Copy every entry verbatim and skip the pictures.

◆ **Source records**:
--- START ---

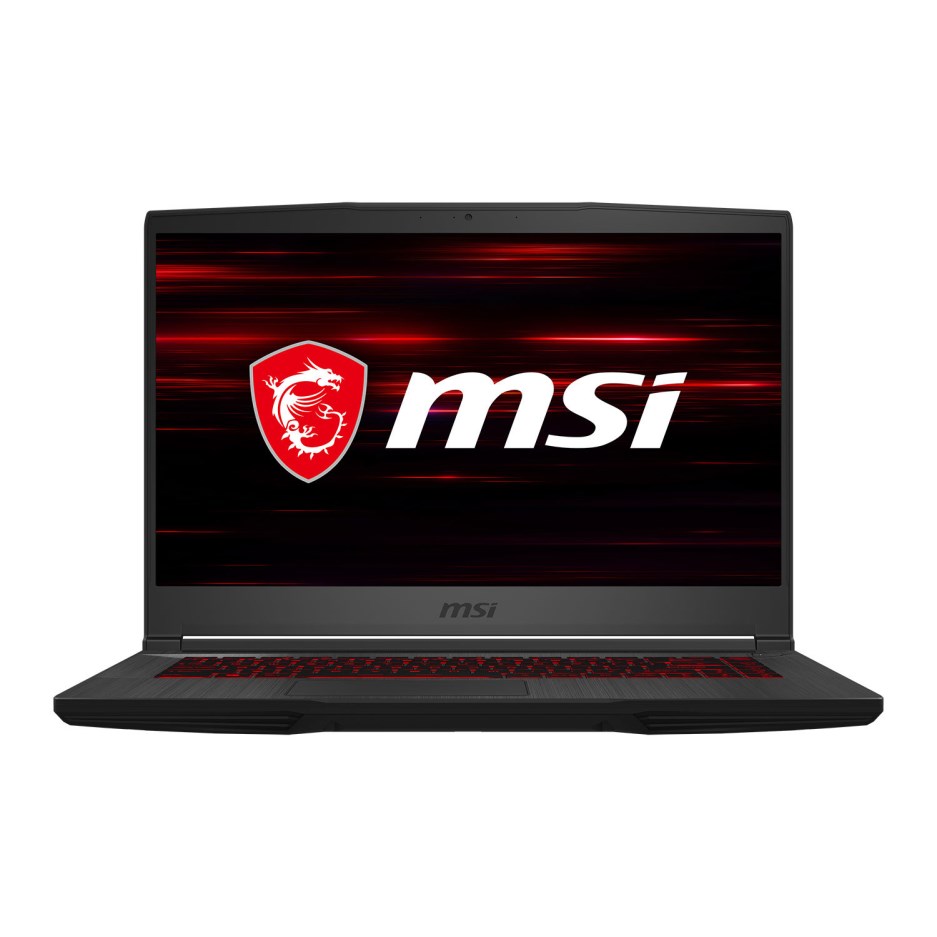 laptop.jpg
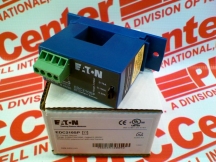 EATON CORPORATION EDC210SP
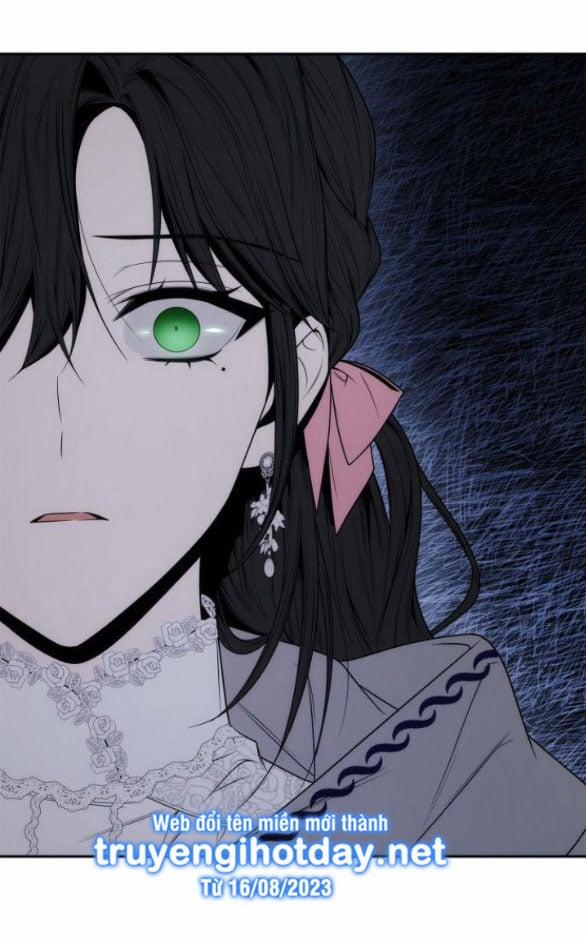 Chị Yêu, Kiếp Này Em Sẽ Là Hoàng Hậu 61.2 trang 11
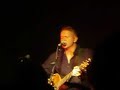 Damien Dempsey Rocky Road To Dublin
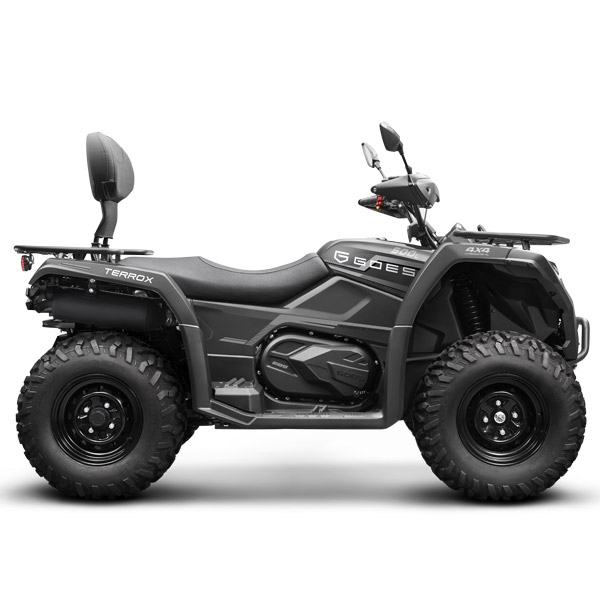 products/100/004/929/73/GOES-Terrox-500L-p14 1.jpg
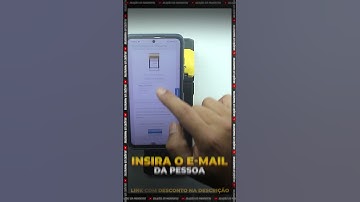 TROCA DE TITULARIDADE PASSO A PASSO   MODERNINHA SMART 2#pagbank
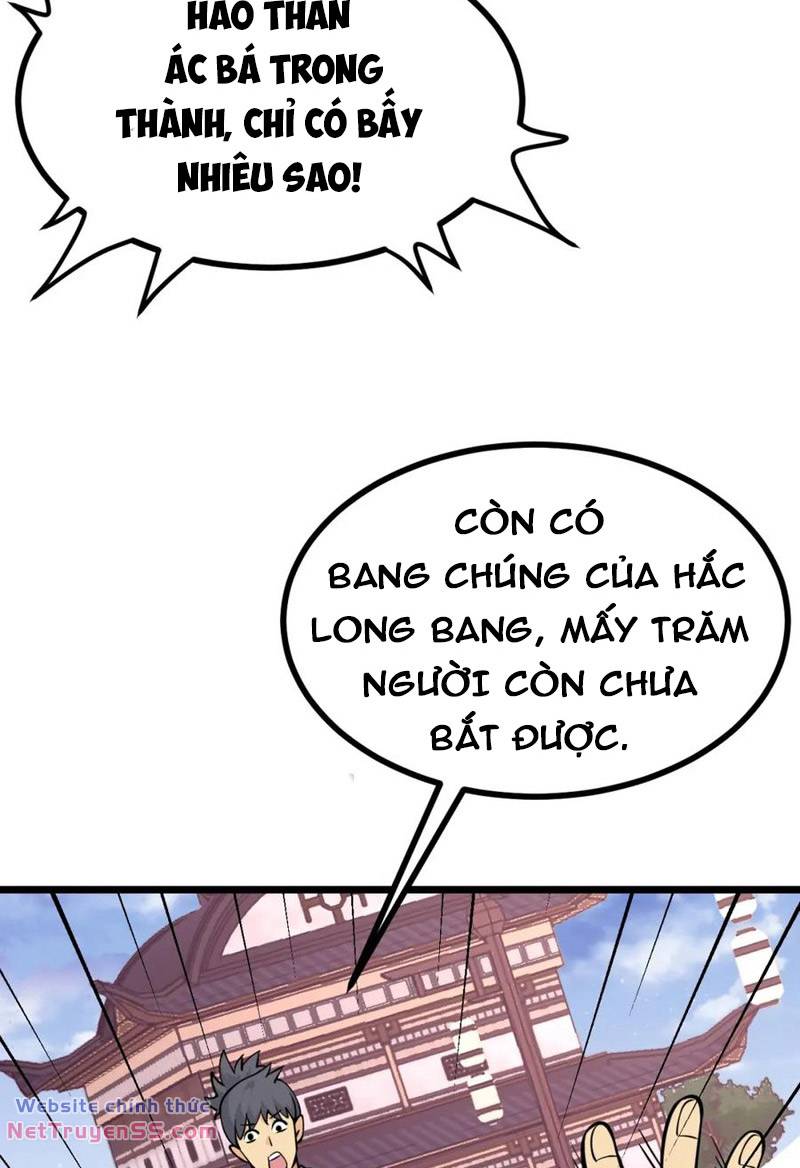 Chương 96 - Trang 4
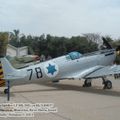 spitfire_lf9e_0032.jpg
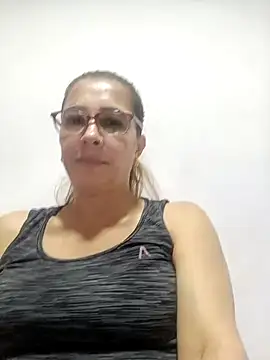 mademonsexy online show from 02-10-26, 10:47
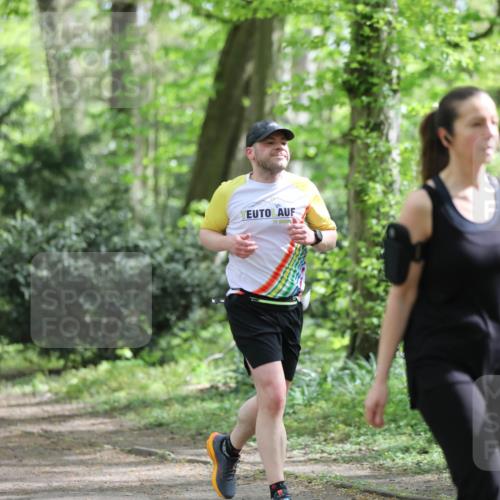 14.04.2024 - Hammer Lauf Fuchs,  Jonas http://msf.ph/oto/6075109 14.04.2024 11:24:45 Laufen  meine-sportfotos.de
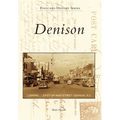Denison - Paperback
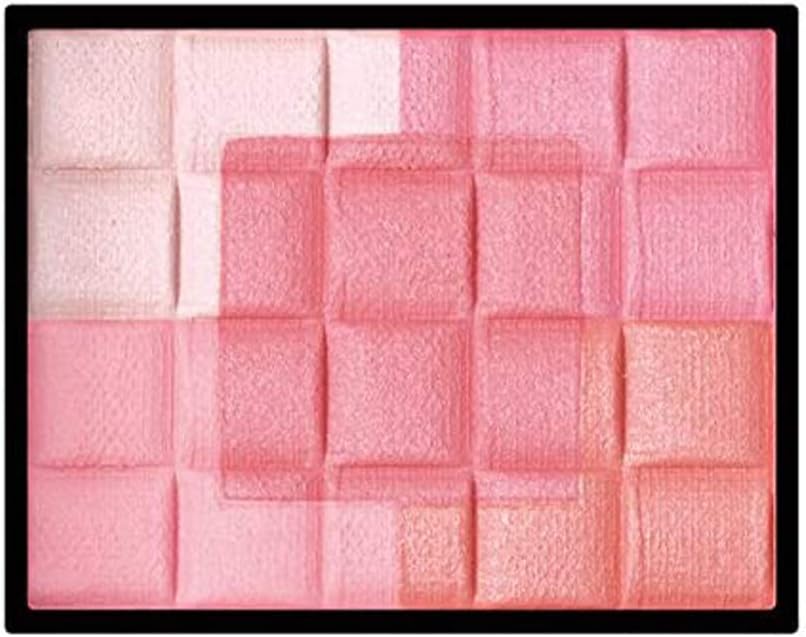 資生堂(SHISEIDO) マキアージュ ドラマティックムードヴェール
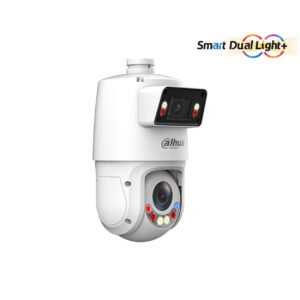 DAHUA SDT4E425-4F-GB-A-PV1 4MP+4MP H.265+ 25X Optik ZOOM Speed Dome Tioc Kamera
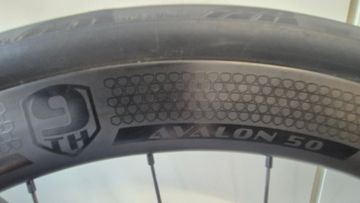 Gebrauchtes Scott Addict RC Ultimate 2020 2020 Road & Gravel, Schwarz — Bild 3 von 5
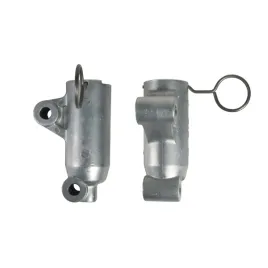 kolo-nap-r-mitsubishi-strada-2-5d-15-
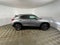 2024 Chevrolet Trailblazer AWD LT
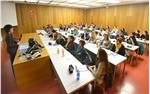 La Giunta conferma 20 milioni di euro annuali per il sostegno del diritto allo studio universitario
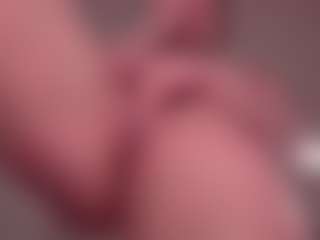 Live cam show with kazumiluna60 - Dildo Or Vibrator on xxxlivecams.org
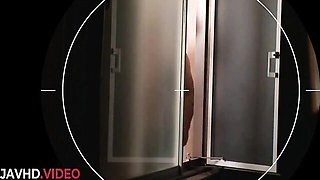 AV 69 - runa anzai smut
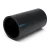 أنابيب HDPE الوطني لشبكات المياه الغير مضغوطة ضغط 4 بار قطر خارجي 400 مم سمك 7.9 مم لون أسود - Image 1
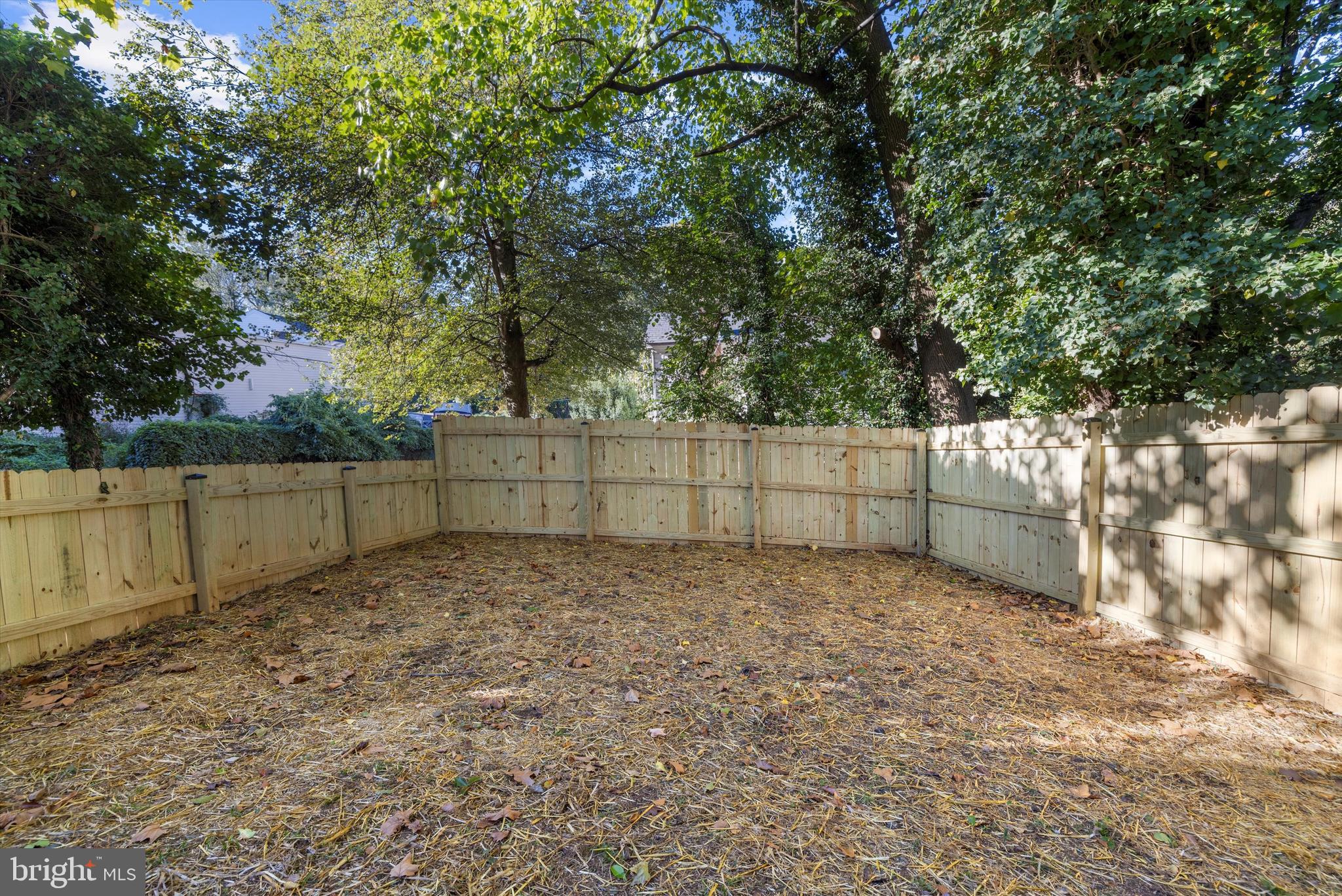 ROGNEL HEIGHTS - Residential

--- END ---

◆ **Answer for this exercise**:
 laptop.jpg
 EATON CORPORATION EDC210SP
 Chị Yêu, Kiếp Này Em Sẽ Là Hoàng Hậu 61.2 trang 11
 Damien Dempsey Rocky Road To Dublin
 products/100/004/929/73/GOES-Terrox-500L-p14 1.jpg
 TROCA DE TITULARIDADE PASSO A PASSO   MODERNINHA SMART 2#pagbank
 Chương 96 - Trang 4
 spitfire_lf9e_0032.jpg
 mademonsexy online show from 02-10-26, 10:47
 14.04.2024 - Hammer Lauf Fuchs,  Jonas http://msf.ph/oto/6075109 14.04.2024 11:24:45 Laufen  meine-sportfotos.de
Denison - Paperback
 資生堂(SHISEIDO) マキアージュ ドラマティックムードヴェール
 DAHUA SDT4E425-4F-GB-A-PV1 4MP+4MP H.265+ 25X Optik ZOOM Speed Dome Tioc Kamera
 Gebrauchtes Scott Addict RC Ultimate 2020 2020 Road & Gravel, Schwarz — Bild 3 von 5
 kolo-nap-r-mitsubishi-strada-2-5d-15-
 2024 Chevrolet Trailblazer AWD LT
 La Giunta conferma 20 milioni di euro annuali per il sostegno del diritto allo studio universitario
 Live cam show with kazumiluna60 - Dildo Or Vibrator on xxxlivecams.org
 AV 69 - runa anzai smut
 أنابيب HDPE الوطني لشبكات المياه الغير مضغوطة ضغط 4 بار قطر خارجي 400 مم سمك 7.9 مم لون أسود - Image 1
 ROGNEL HEIGHTS - Residential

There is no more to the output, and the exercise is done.